In February 2016, just two months before her oldest daughter’s wedding, Martha McMurry got the news in a phone call.

Her routine mammogram showed she had cancer.

“To hear you have any type of cancer is life-altering,” McMurry said. “I will always remember where I was.”

Shortly after her diagnosis, McMurry went to the Spectrum Health Lemmen-Holton Cancer Pavilion to meet the team who would oversee her treatment—a surgeon, oncologist, radiologist and others.

The process began with a lumpectomy in March to remove the cancer, and she was scheduled to begin chemotherapy in early April, which would eventually be followed by 21 rounds of radiation therapy.

Fortunately, the doctors agreed to delay the chemotherapy until four days after the wedding.

“I had a really tough time with chemo,” McMurry said. “I lost my hair after the first round, and that was truly probably the hardest thing. It was absolutely horrifying the day I came out of the shower and my hair came out in clumps.”

‘I felt a little funny’

Because McMurry’s breast cancer was HER2-positive, which tends to grow and spread faster than other types, her doctors elected Herceptin, a targeted drug therapy that attacks the HER2 protein on breast cancer cells.

Before treatments began, she had an echocardiogram, an ultrasound of the heart, to confirm her heart was healthy. The test measured her ejection fraction, which is the amount of blood pumped by the heart with every heartbeat.

“Herceptin targets cancer cells, but it can also affect the heart,” said cardiologist Wissam Abdallah, MD, FACC. He is part of the Spectrum Health Cardio-Oncology Clinic, which manages and treats cancer patients who develop side effects affecting their heart.

“About 5 to 20 percent of patients might be affected to some extent,” Abdallah said.

McMurry started out with a healthy heart, and every three months, she had another echocardiogram.

She didn’t give it a lot of thought. Even last February, when her heart “felt a little funny,” she didn’t mention it to anyone.

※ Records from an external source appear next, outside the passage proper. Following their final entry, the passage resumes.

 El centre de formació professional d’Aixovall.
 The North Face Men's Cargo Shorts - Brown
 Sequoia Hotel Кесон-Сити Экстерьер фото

Then, during a chemo treatment at the Lemmen-Holton Cancer Pavilion, she made on offhand comment to her nurse, who took immediate action.

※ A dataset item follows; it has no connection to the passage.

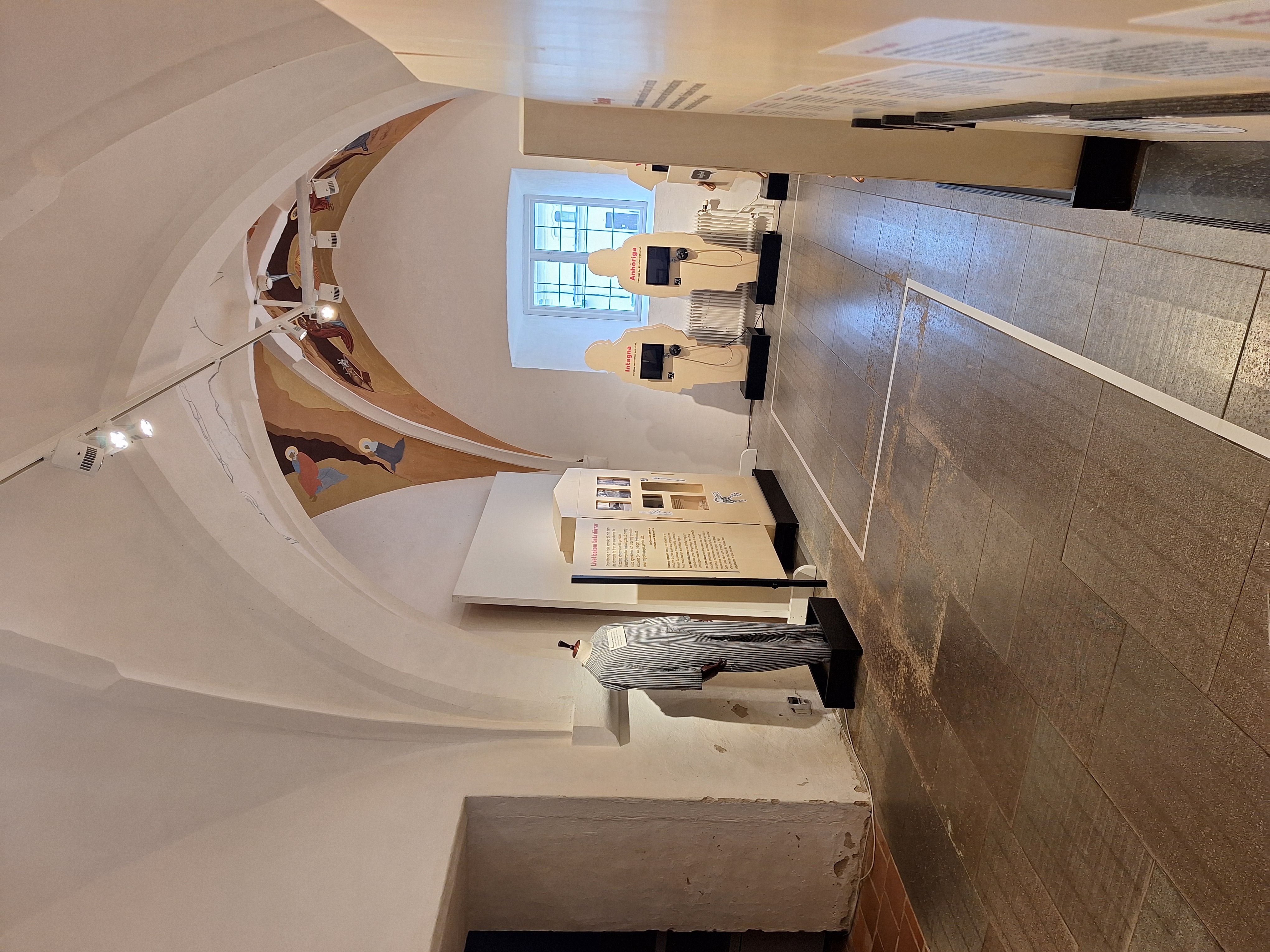 Utställningen Inlåst och utanför visas på Sancta Birgitta Klostermuseum.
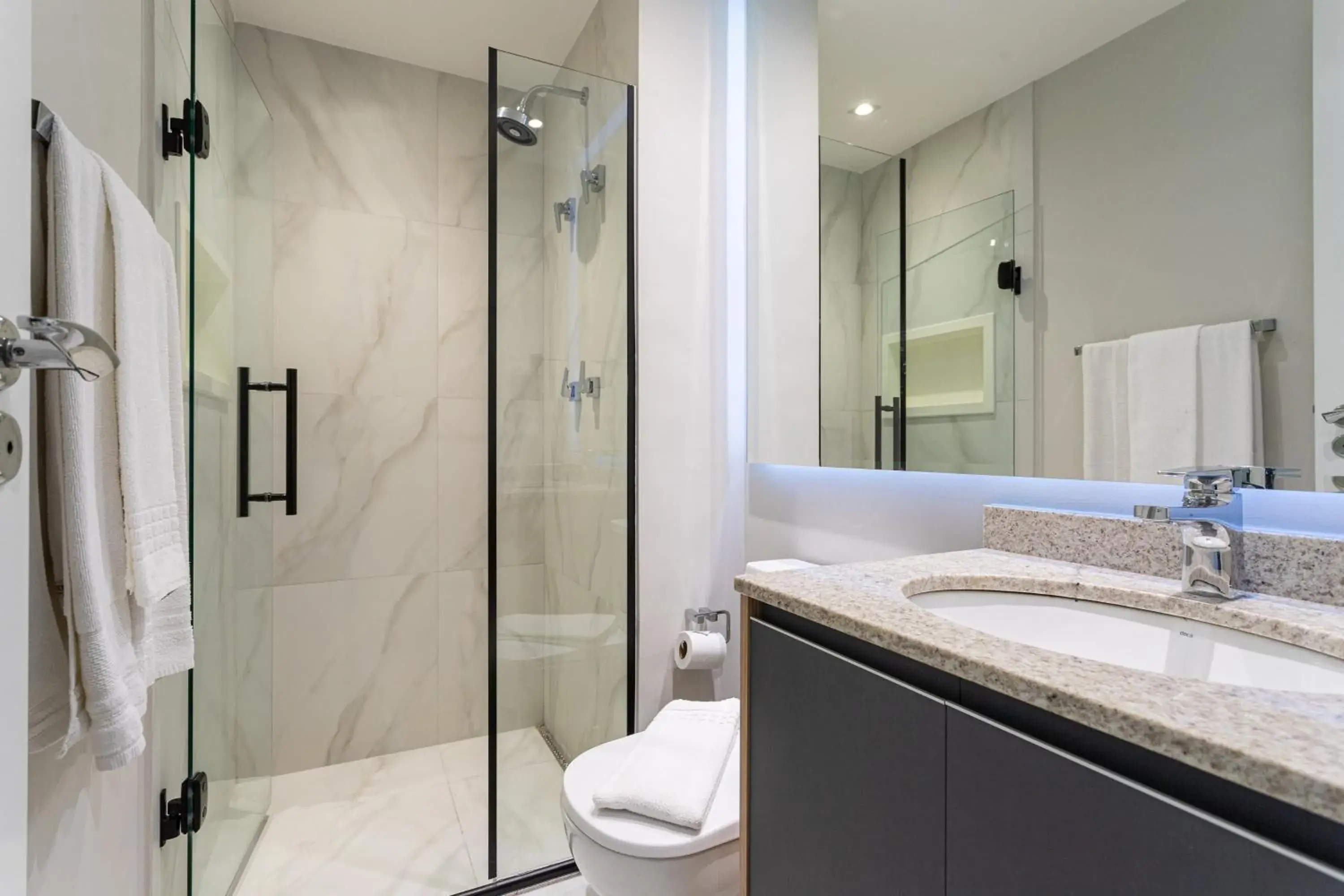 Shower in Charlie Vitrali Moema Shower in Charlie Vitrali Moema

After an in-office electrocardiogram, a staff member wheeled her across Michigan Avenue to the Spectrum Health Fred and Lena Meijer Heart Center to be sure that funny feeling didn’t indicate a heart attack.

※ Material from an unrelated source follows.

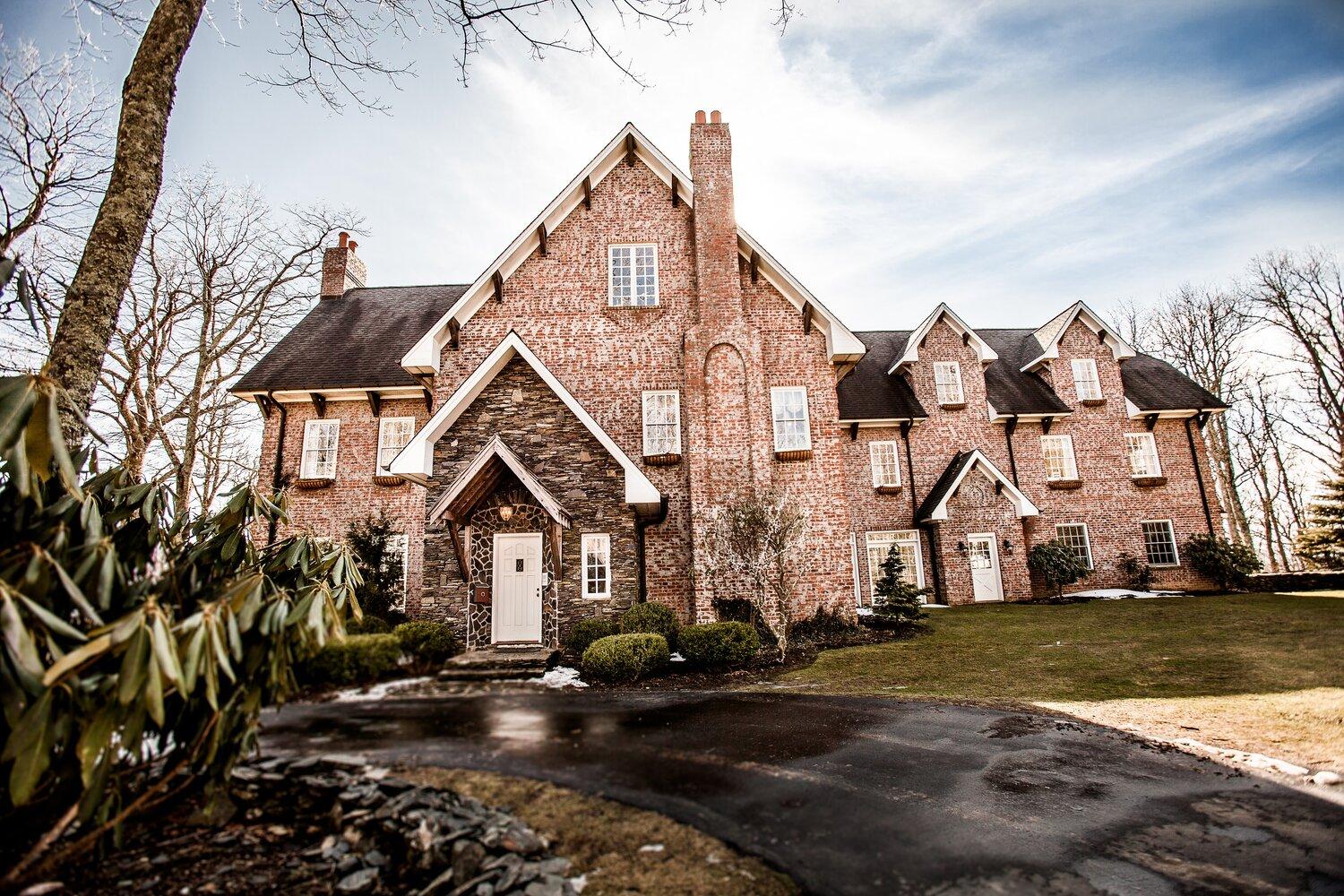 The Wedding Website of Lindsey White and Carson Searcy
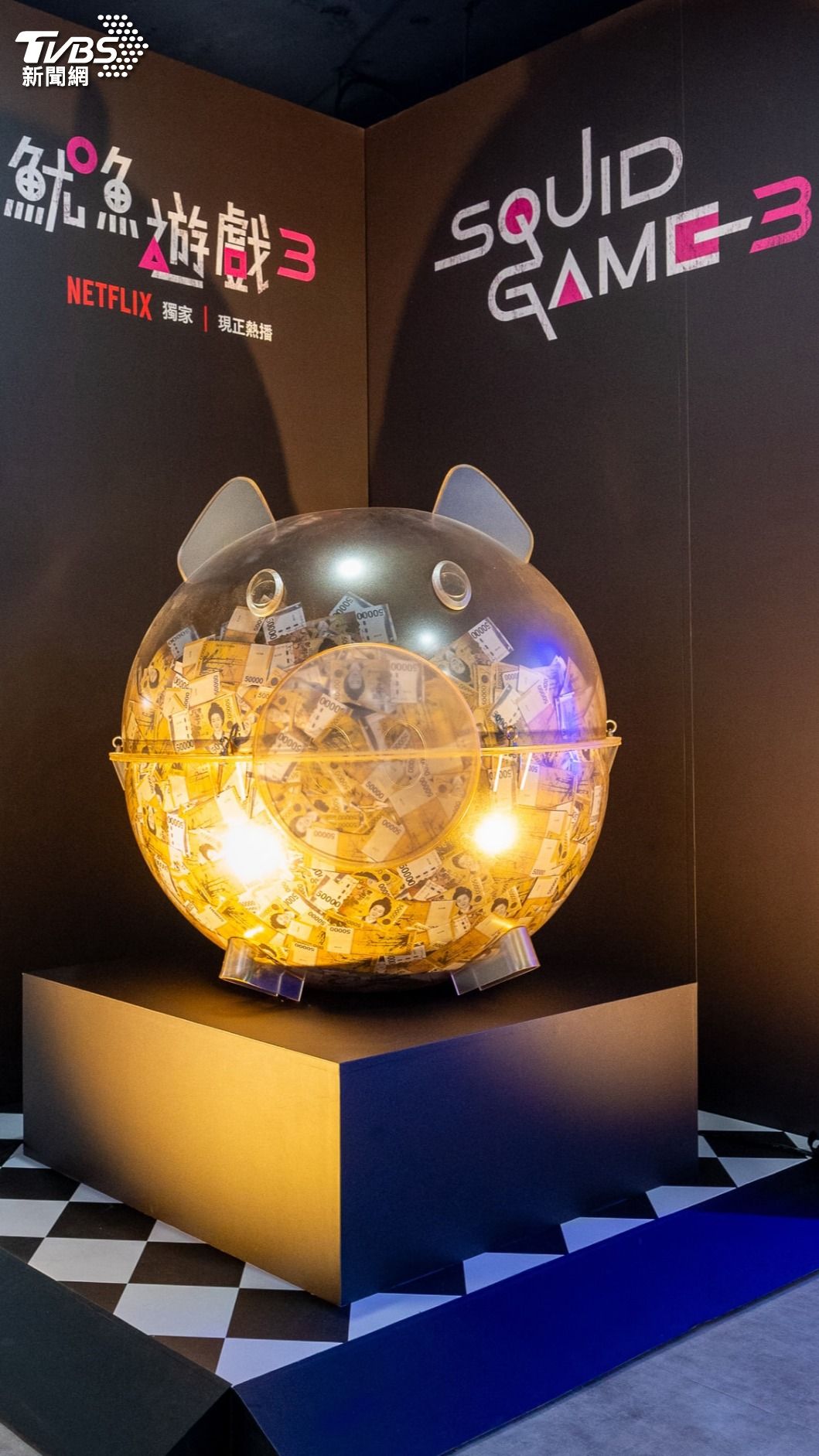 店內也放置象徵大獎的金豬撲滿。（圖／台灣大哥大提供）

“Once again, I was scared to death,” McMurry said.

Fortunately, it was just a warning sign.

“We were able to identify early damage from the Herceptin, and then prevent further damage by starting heart medications,” Dr. Abdallah said. With heart medications, she was able to continue her cancer treatment uninterrupted.

Left untreated, she would have been at risk for further heart damage and, potentially, heart failure.

Today her heart medications, a beta blocker and an ACE inhibitor, are doing their jobs.

“I’ve had one or two echocardiograms since then,” McMurry said. “My heart is definitely rebounding to where it needs to be.”

‘Get your mammogram’

McMurry is passionate about fighting breast cancer. She’s met many other breast cancer patients during fundraising walks, and she has coffee with a circle of these new friends every month.

Her advice for others?

“Get your mammogram. It cannot be stressed enough,” she said. “It ultimately may have saved my life.”